Après une légère collation de fruits et de pain de maïs, arrosée d'un verre d'excellent raki, que ne dédaignent pas mes souvarys, quoique musulmans, nous faisons ample provision de tabac et repartons la nuit tombante; la route franchit des collines basses, dont les terres sont cultivées et où, çà et là, de petits villages jettent les points brillants de leurs lumières; bientôt nous atteignons la vallée de Tirana, où coule l'Ismi; des rideaux d'arbres coupent à chaque pas l'horizon et, comme on m'a dit que Tirana était presque invisible derrière la barrière de ses châtaigniers centenaires, je crois à chaque instant toucher à la ville que quelque lumière semble découvrir; mais ce ne sont que fermes défendues contre les vents du nord par les branches serrées des grands arbres; dans la fraîcheur de la nuit, nous accélérons le pas des bêtes et enfin, vers onze heures et demie, nous atteignons une des portes de la ville; notre caravane fait un bruit extrême dans la cité endormie; sur le pavé inégal, nos chevaux trébuchent et font résonner leurs pas et les bagages dont ils sont chargés; quelques ombres passent encore, quelques silhouettes se montrent aux fenêtres, et de-ci, de-là, une lumière jette sa clarté par la porte d'une maison ou par les volets mal joints; le consul d'Italie, avec une extrême obligeance, m'a prévenu qu'il me donnerait l'hospitalité, mais ce n'est point besogne aisée que de trouver sa maison de campagne; pour se tirer d'embarras, les gens de mon escorte frappent au Han ou auberge de l'endroit, se font ouvrir et désigner la demeure; et c'est ainsi, après avoir circulé par toutes les rues de Tirana, que vers minuit nous arrivons au consulat italien.

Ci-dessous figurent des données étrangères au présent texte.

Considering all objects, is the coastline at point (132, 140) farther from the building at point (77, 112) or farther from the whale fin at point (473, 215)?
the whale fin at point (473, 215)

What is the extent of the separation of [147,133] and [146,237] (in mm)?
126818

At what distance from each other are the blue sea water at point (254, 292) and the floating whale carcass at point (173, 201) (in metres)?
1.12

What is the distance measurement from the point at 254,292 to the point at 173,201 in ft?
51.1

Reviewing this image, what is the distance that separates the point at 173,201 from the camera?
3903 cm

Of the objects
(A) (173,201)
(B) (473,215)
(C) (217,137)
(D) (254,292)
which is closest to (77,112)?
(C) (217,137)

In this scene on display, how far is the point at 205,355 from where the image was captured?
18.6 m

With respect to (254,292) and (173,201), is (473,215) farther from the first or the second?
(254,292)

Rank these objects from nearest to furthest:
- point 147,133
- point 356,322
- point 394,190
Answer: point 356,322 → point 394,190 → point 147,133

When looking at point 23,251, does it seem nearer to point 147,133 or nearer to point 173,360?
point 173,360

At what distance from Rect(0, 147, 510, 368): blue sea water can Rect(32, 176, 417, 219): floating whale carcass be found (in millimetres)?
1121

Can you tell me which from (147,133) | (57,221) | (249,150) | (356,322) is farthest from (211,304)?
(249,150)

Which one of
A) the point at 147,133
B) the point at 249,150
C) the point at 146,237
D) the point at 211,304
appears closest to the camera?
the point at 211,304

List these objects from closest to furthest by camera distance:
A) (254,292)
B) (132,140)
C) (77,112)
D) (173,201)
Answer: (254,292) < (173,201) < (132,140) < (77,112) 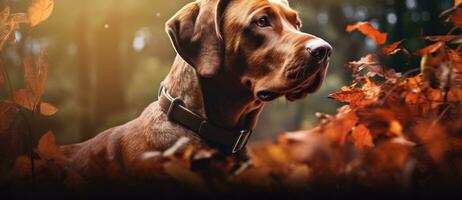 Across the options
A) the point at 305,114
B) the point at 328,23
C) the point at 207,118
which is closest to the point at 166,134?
the point at 207,118

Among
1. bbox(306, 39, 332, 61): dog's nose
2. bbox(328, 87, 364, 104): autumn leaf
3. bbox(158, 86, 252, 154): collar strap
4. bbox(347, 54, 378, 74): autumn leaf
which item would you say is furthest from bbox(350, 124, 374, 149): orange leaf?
bbox(158, 86, 252, 154): collar strap

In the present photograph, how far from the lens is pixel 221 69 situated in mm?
2432

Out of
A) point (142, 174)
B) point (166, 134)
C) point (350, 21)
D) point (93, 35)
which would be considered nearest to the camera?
point (142, 174)

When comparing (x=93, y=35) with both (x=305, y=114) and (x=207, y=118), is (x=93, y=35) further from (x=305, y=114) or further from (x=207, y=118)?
(x=305, y=114)

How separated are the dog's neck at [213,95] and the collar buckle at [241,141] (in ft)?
0.22

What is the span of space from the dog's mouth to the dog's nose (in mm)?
106

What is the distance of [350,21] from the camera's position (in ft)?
38.9

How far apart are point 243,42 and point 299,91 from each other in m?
0.37

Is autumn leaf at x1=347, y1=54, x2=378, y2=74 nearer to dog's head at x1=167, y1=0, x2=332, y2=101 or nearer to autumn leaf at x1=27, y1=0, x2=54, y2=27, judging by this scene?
dog's head at x1=167, y1=0, x2=332, y2=101

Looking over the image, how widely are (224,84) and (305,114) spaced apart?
12348mm

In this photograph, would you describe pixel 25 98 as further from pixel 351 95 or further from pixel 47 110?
pixel 351 95

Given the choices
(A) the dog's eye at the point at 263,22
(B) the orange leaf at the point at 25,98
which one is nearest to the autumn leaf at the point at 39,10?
(B) the orange leaf at the point at 25,98

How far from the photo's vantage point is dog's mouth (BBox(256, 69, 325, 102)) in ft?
7.32

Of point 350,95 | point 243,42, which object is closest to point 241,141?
point 243,42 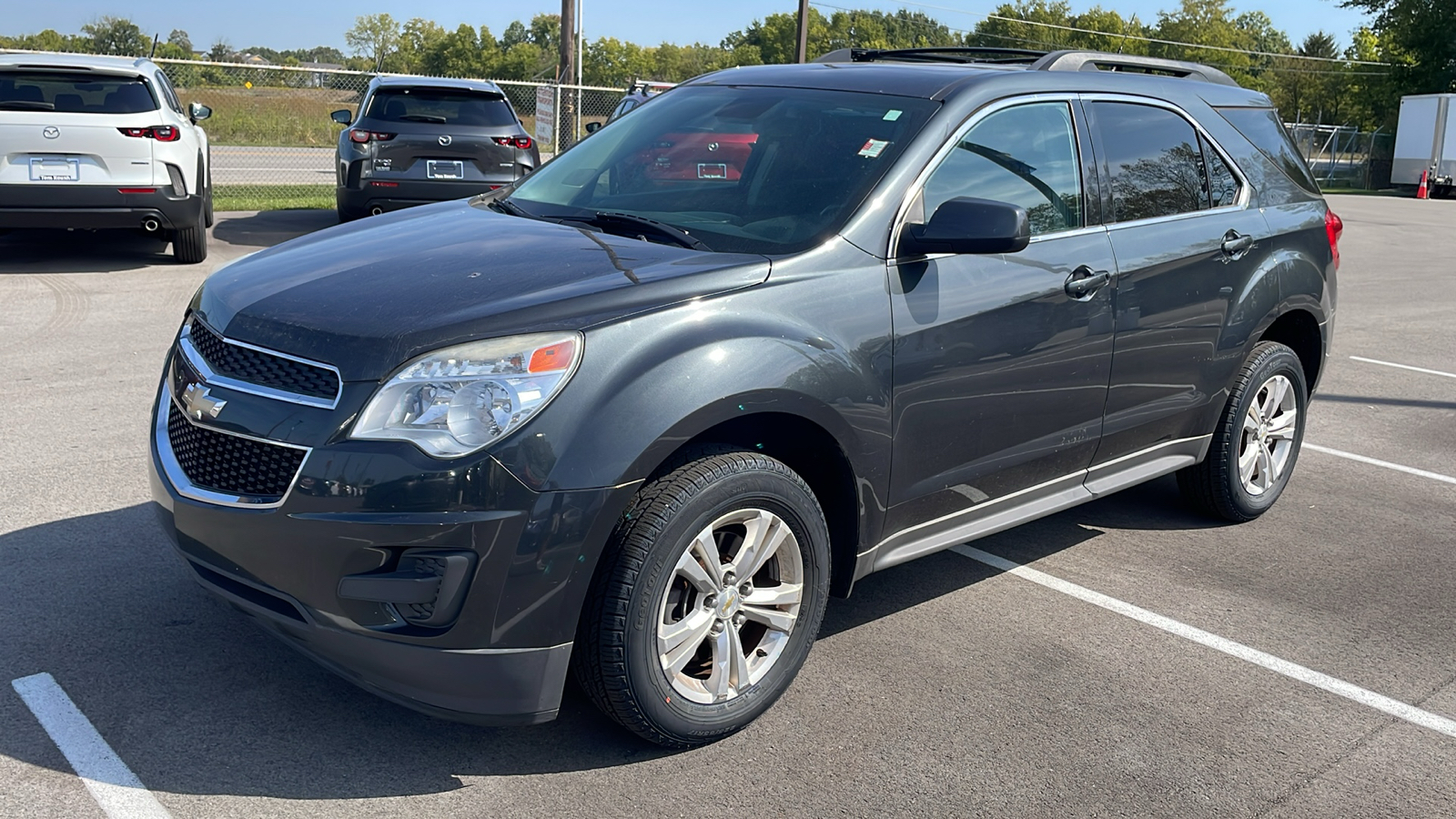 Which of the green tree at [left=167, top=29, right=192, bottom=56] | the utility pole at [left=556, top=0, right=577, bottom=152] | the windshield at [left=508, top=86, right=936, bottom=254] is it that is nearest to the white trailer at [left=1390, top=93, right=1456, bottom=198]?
the utility pole at [left=556, top=0, right=577, bottom=152]

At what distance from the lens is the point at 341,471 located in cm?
288

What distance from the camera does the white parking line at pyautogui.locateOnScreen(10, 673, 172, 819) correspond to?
2939 mm

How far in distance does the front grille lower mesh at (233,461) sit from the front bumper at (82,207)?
7.48 metres

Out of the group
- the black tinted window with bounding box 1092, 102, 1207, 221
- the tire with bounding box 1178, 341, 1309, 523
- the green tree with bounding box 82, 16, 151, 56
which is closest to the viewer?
the black tinted window with bounding box 1092, 102, 1207, 221

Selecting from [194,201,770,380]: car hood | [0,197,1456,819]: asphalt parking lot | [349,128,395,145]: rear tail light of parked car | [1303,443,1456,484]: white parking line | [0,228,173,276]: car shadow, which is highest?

En vérité, Tirana mérite bien sa réputation, et je sais peu de petites villes si pleines de tableaux gracieux; tout le matin, nous suivons ses rues et leurs détours; le consul d'Italie, avec son cawas et mon drogman, m'accompagne et me conduit d'abord à la grande mosquée; au premier plan, s'étend une large place grossièrement pavée que traversent quelques ruisselets; sur les côtés, des maisons basses cachent sous leurs portiques des étalages; au fond, sur un terre-plein, la mosquée avance ses cinq porches que domine à peine la blancheur de son dôme; à droite, le minaret pique le ciel de son aiguille et, sur la gauche, séparée de la mosquée de quelques mètres seulement, une tour de ville, comme un beffroi de nos vieilles cités, dresse à quinze mètres de hauteur son horloge et ses cloches.